Streams Of Live Events Lure Viewers

The Comey hearing last week proved to be a boon for online video and a spectacle worth paying attention to.

Bloomberg said its live stream of the hearing on Twitter drew 2.7 million unique viewers globally. Further, 88% of the logged-in viewers for the live coverage were under the age of 35, a sign that millennials are interested in the subject matter. In addition, Bloomberg said 3.6 million Tweets referring to the former FBI director’s testimony were sent from 7 a.m. to 1:30 p.m.

If live streams like this one are any indication, real-time events in conjunction with the social aspect of Twitter have a potent appeal.

Separately, Richard Greenfield, BTIG Research's media/cable analyst, had a couple of interesting thoughts in a blog post about Amazon, Hulu, and Netflix.

Notably, Greenfield asks why the total of time spent watching programming on Amazon and Hulu isn’t higher than it is. He estimates thatAmazon will spend $4 billion to $5 billion in 2017 on video programming, Hulu is likely to spend $1.5 billion -- which doesn’t include the broadcast network content it gets from corporate parents -- and Netflix will spend about $8 billion.

He points out that Netflix has more users than Amazon and Hulu and seems to have a good “picker,” meaning, it’s shrewd about scoping out programming that will become a hit.

Also, Greenfield says that Hulu may soon no longer be Hulu. What? Why?

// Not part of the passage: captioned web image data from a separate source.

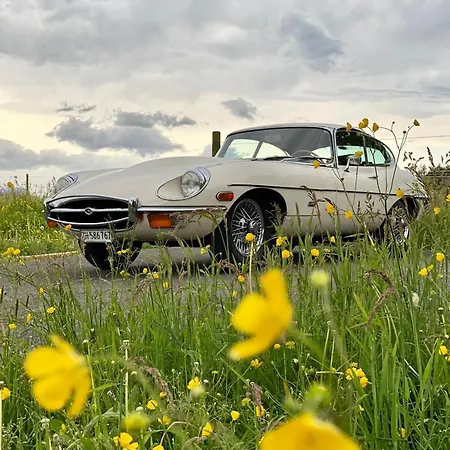 Bw Dandyland - Tree Bělehrad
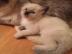 M�nnlich und weiblich Ragdoll K�tzchen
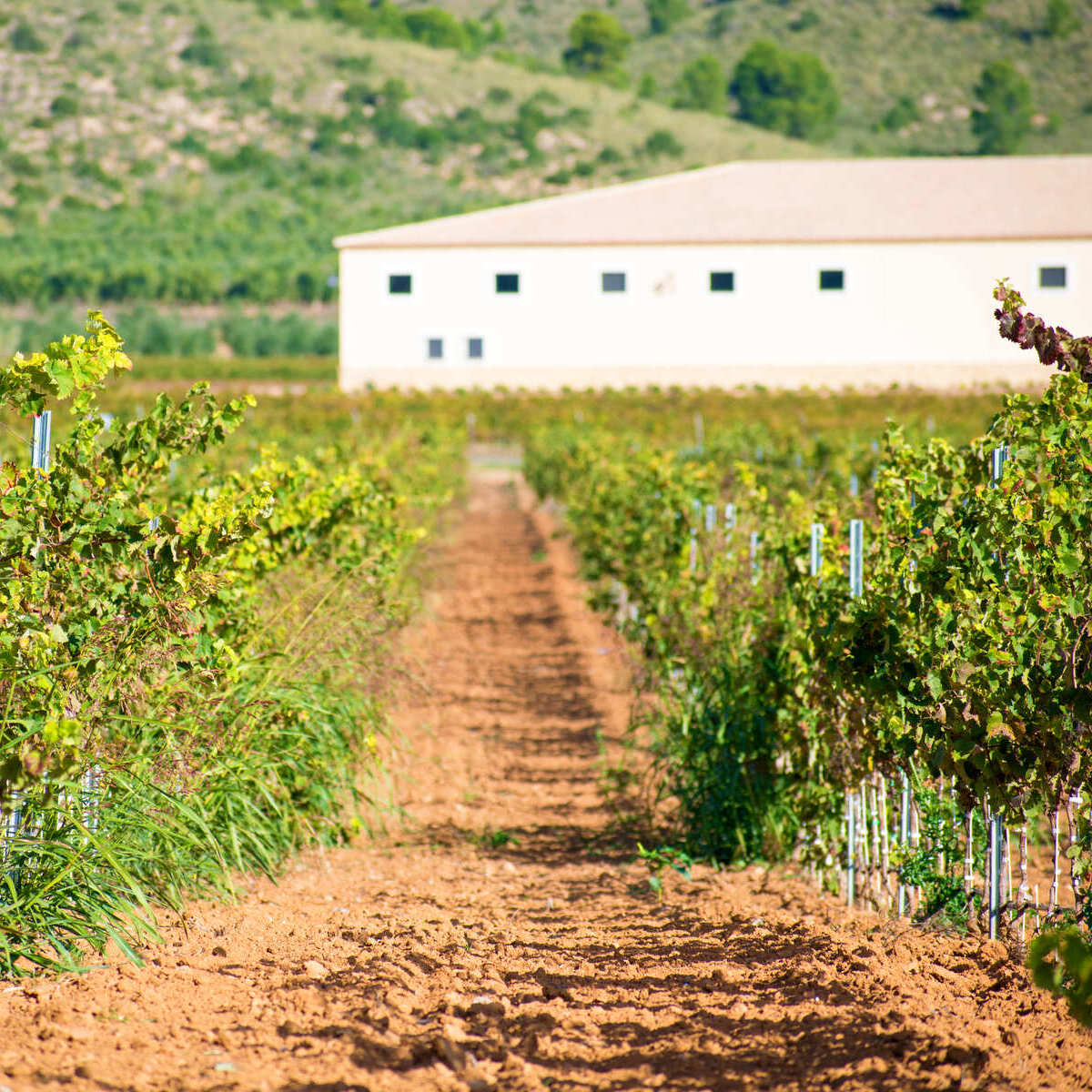 Vineyard In Castilla La Mancha, A Historic Region In The Middle Of Spain, Southern Europe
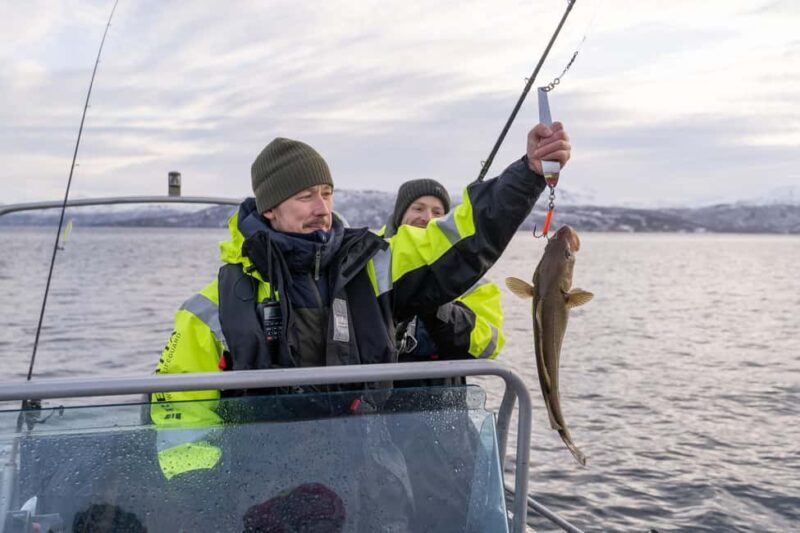 Tromsø: Private Fishing Tour - Whats Included and What to Prepare For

Hulu, he writes, plans to have its three broadcast network owners (ABC, FOX, and NBC) stop supplying next-day content to its  $7.99/$11.99 services sometime in 2018. At that point, the content would only be available via Hulu’s much higher-priced virtual multichannel video programming distributor service. The upshot, he says, is that Hulu will eventually become just a copy of Netflix and Amazon Prime Video: a combination of original programming and licensed content.

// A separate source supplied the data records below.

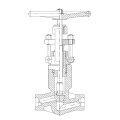 Vanne en acier forgé (pression joint Bonnet)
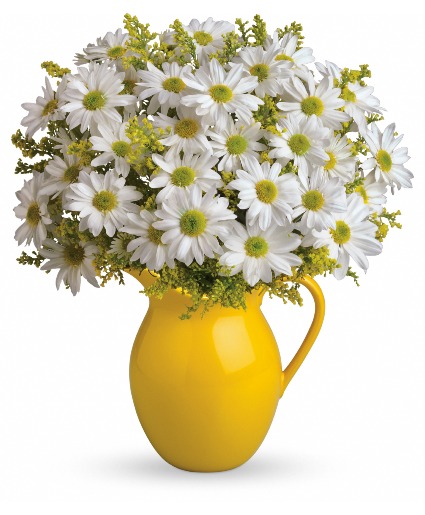 Daisy A Plenty Everyday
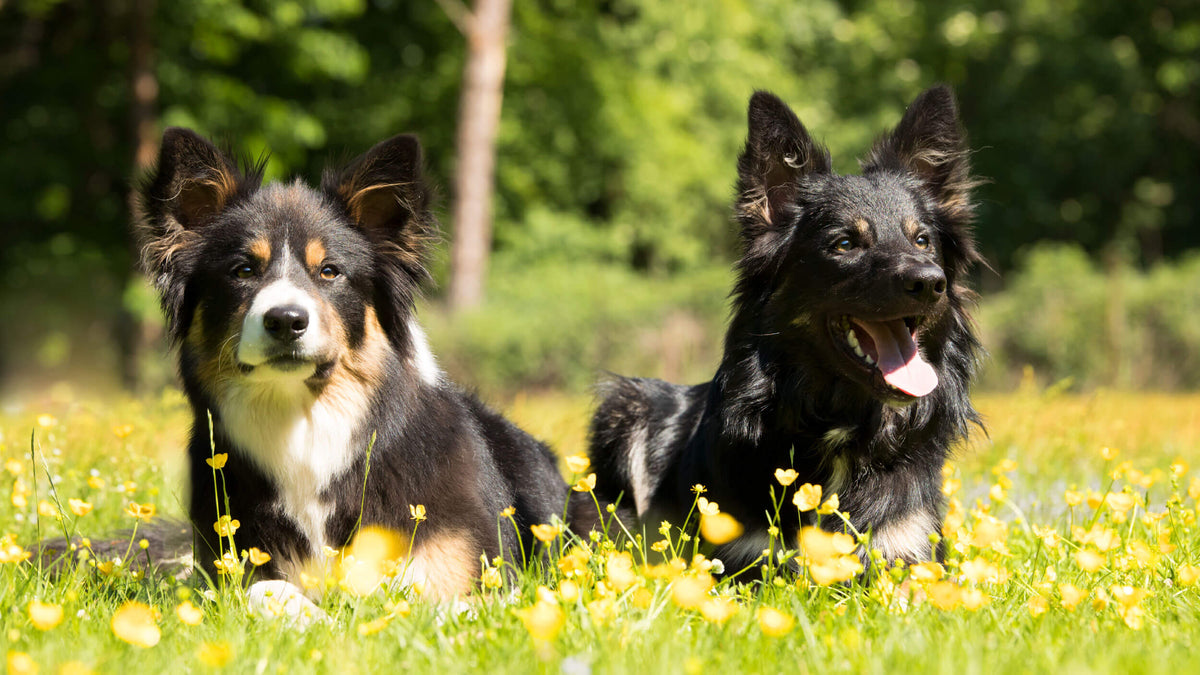 Hypoallergenic Dog Food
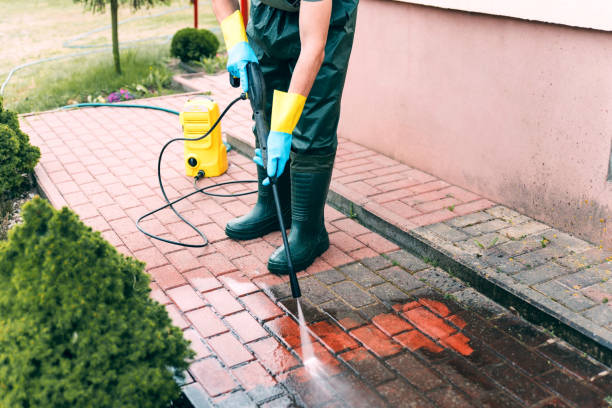 Best Fence Cleaning  in Farr West, UT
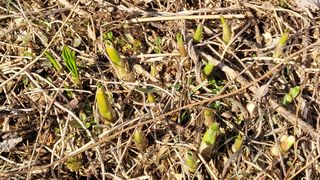 여우내 이순홍님의 기타작물 · 영농일지 작성글 사진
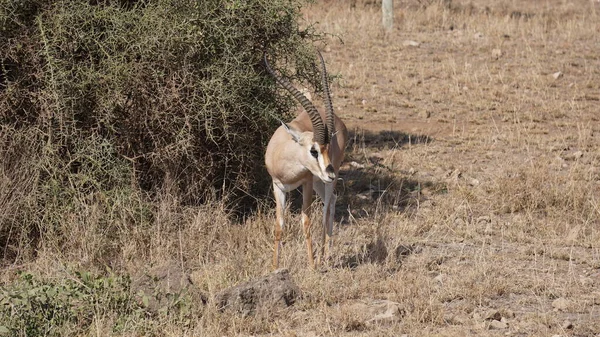 Impala Gazzelle Nel Parco Nazionale Amboseli Kenya Africa — Foto Stock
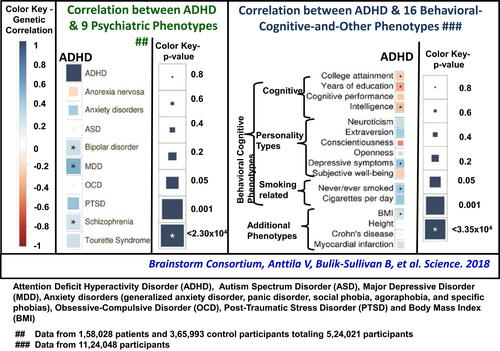 Figure 3 Correlation illustrating the shared genetics of adhd with selected psychiatric co-morbidities and behavioral-cognitive phenotypes.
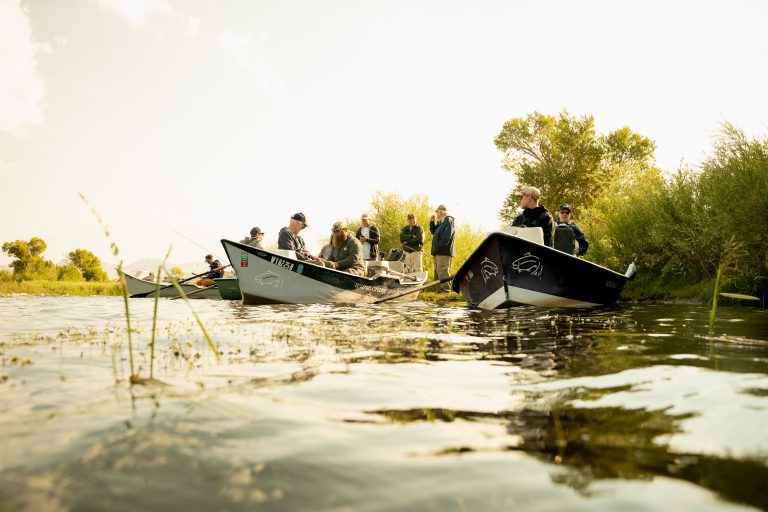 ANOTHER FLUSH UPDATE 2026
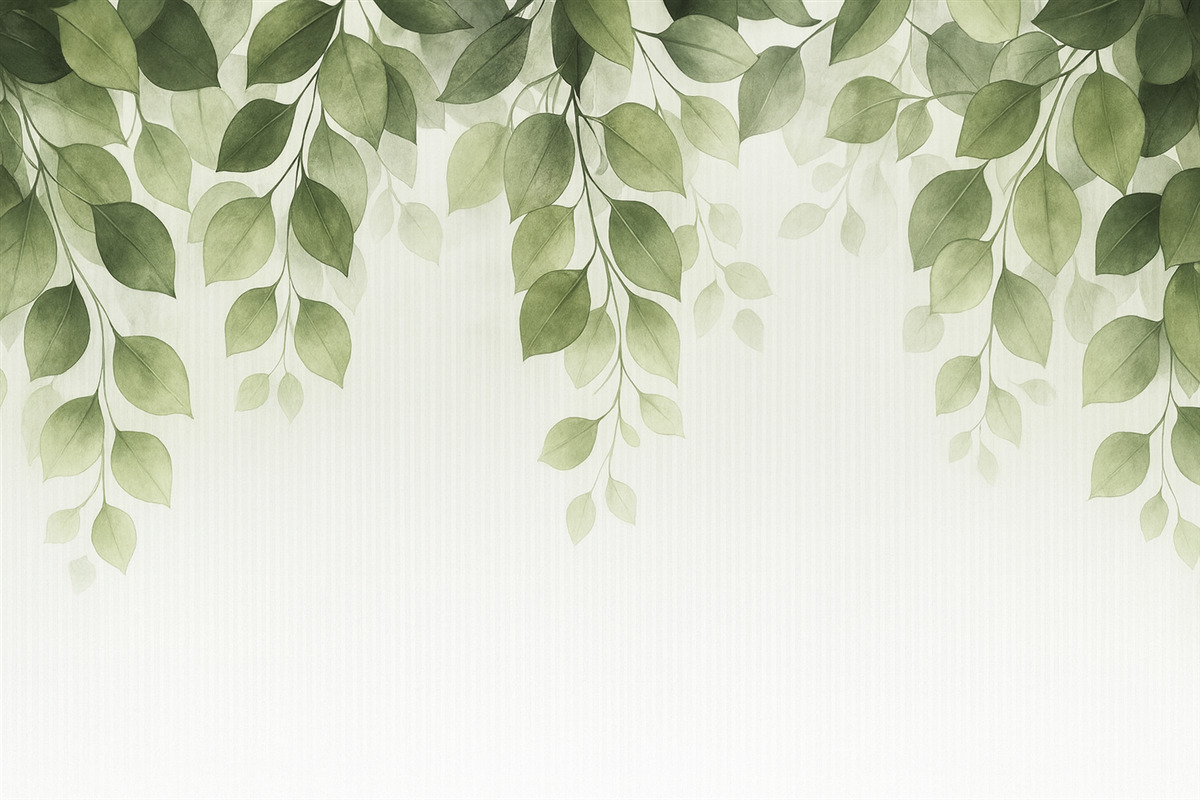 Fototapeta Liście eukaliptusa za szybą.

Despite the existing plethora of video programming, platforms, and subscription services, over-the-top TV (OTT) options, there’s every indication more content is coming from the likes of Facebook, Google, and Snap via connected TV, connected devices, and other technologies we probably don't even know about yet. These platforms are jumping from the desktop computer and mobile devices, into the living room, making hefty investments in OTT video streaming and connected TV devices. There's no reason to believe any of this will slow down.

ComScore recently analyzed the OTT viewing habits of households in its “Total Home” behavioral measurement panel, made up of those who previously subscribed to cable or satellite, but no longer do so.

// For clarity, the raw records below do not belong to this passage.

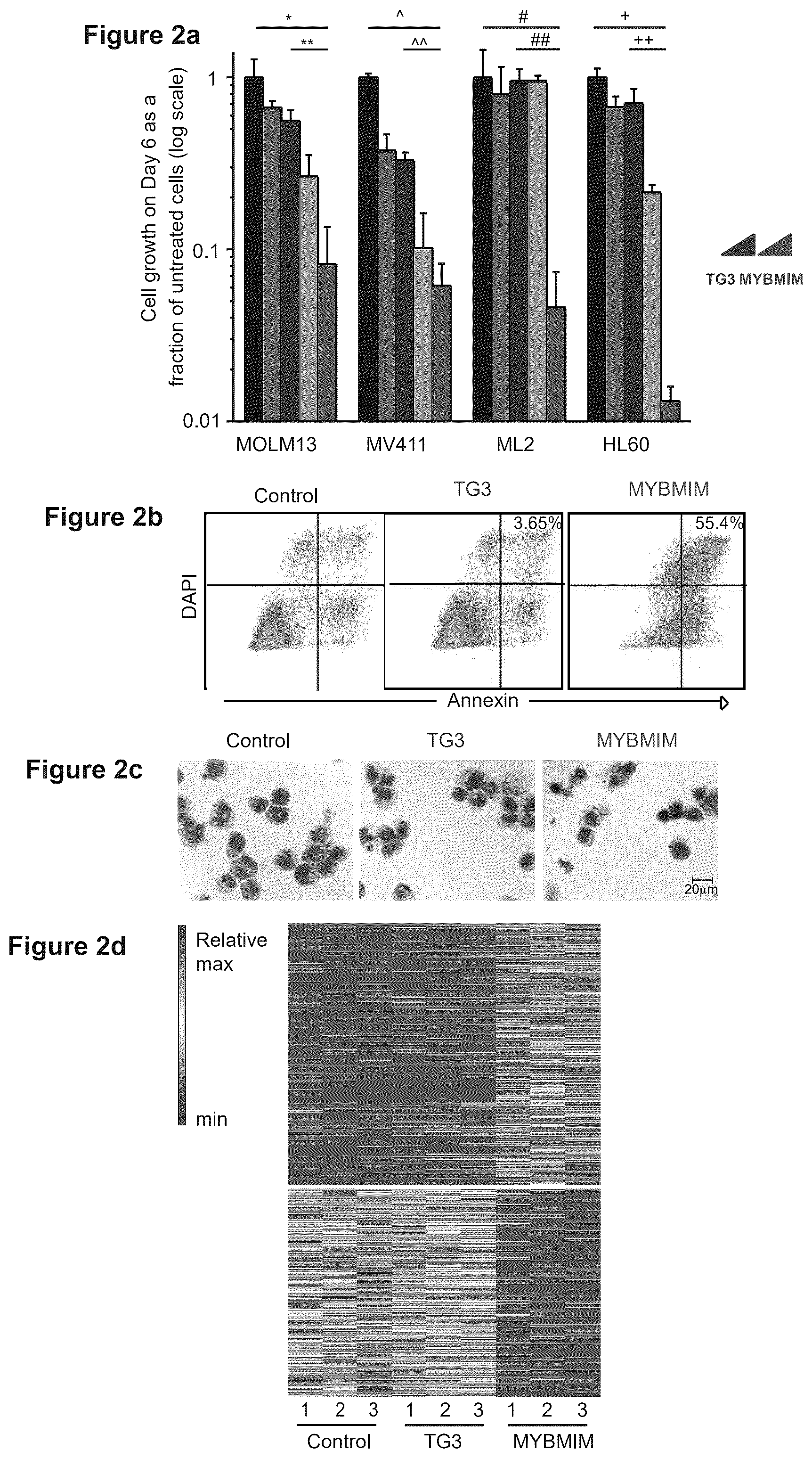 Patent US12552847 Figure 2 – Agents and methods for treating CBP-dependent cancers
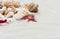 Beach summer background â€“ seashells and sea stars on the sand, copy space for text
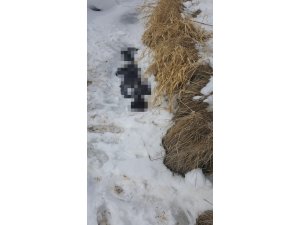 Doğubayazıt’ta kaybolan şahsın cesedi bulundu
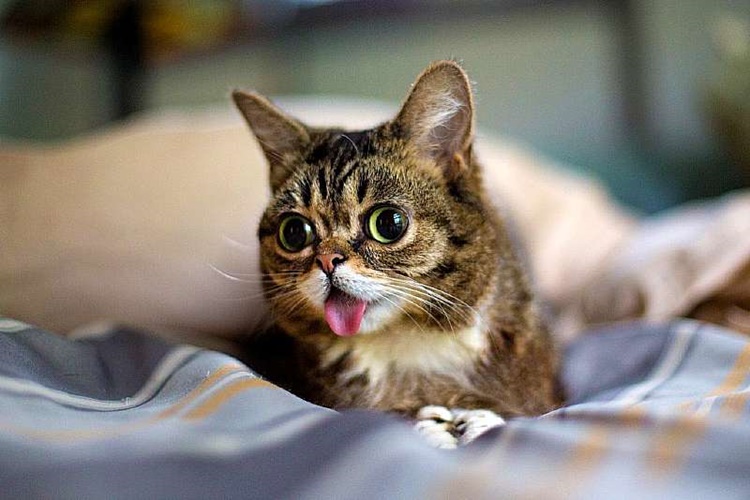 Kedi Acı Yerse Ne Olur?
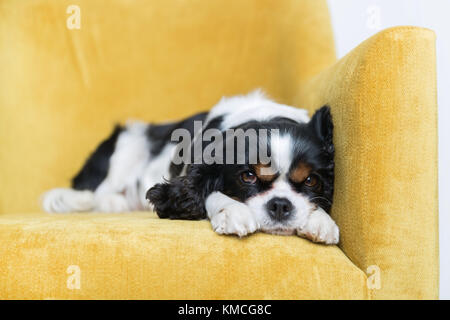 Mignon chien reposant sur le canapé jaune Banque D'Images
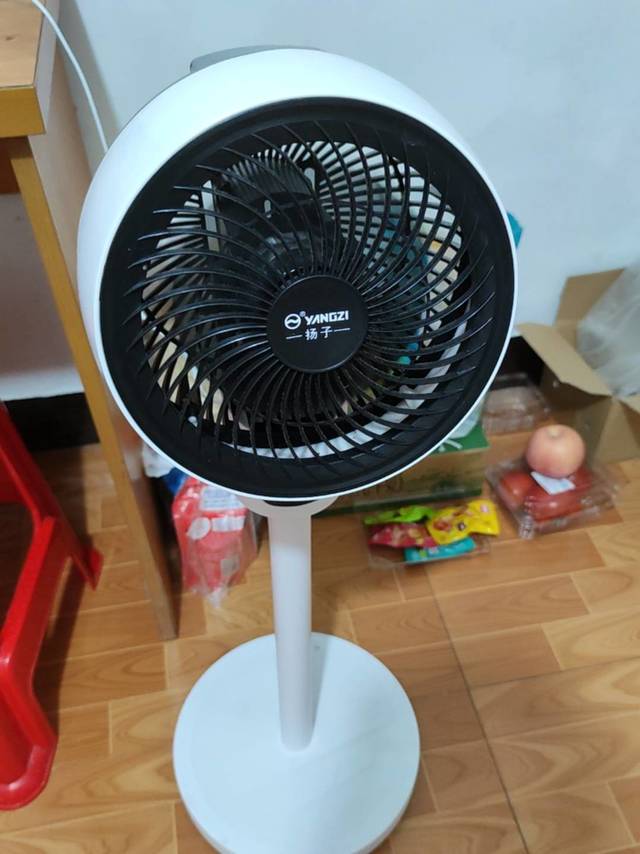 租房超实用的落地扇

The data offers an interesting look at how cord-cutters’ viewing patterns differ from other audiences. For example, the average OTT viewing home in the U.S. spends 49 hours a month viewing OTT content, while cord-cutter homes consume 79 hours of OTT content a month (2.5 hours per day). That's about 60% more than the average.

By comparison to traditional TV viewing, the average U.S. household watched 225 hours of linear TV content in March. The upshot is that cord-cutting households appear to have less of an appetite for TV content.

And without pay TV competing for cord-cutters' attention, they tend to watch quite a bit more OTT content: They spend 41% more time on Netflix, 47% more time on YouTube, 45% more time on Amazon Video, and 13% more time on Hulu compared to the average OTT viewer.

Google's YouTube attracts about half of consumers’ time spent watching digital video on connected TVs, which has made YouTube a formidable destination for eyeballs and marketers’ ad dollars.

Still, with all the competition from other providers and platforms, perhaps YouTube won't be king of the hill for that much longer. And given its brand-safety woes in recent months, there may be an opening for others to race to the top.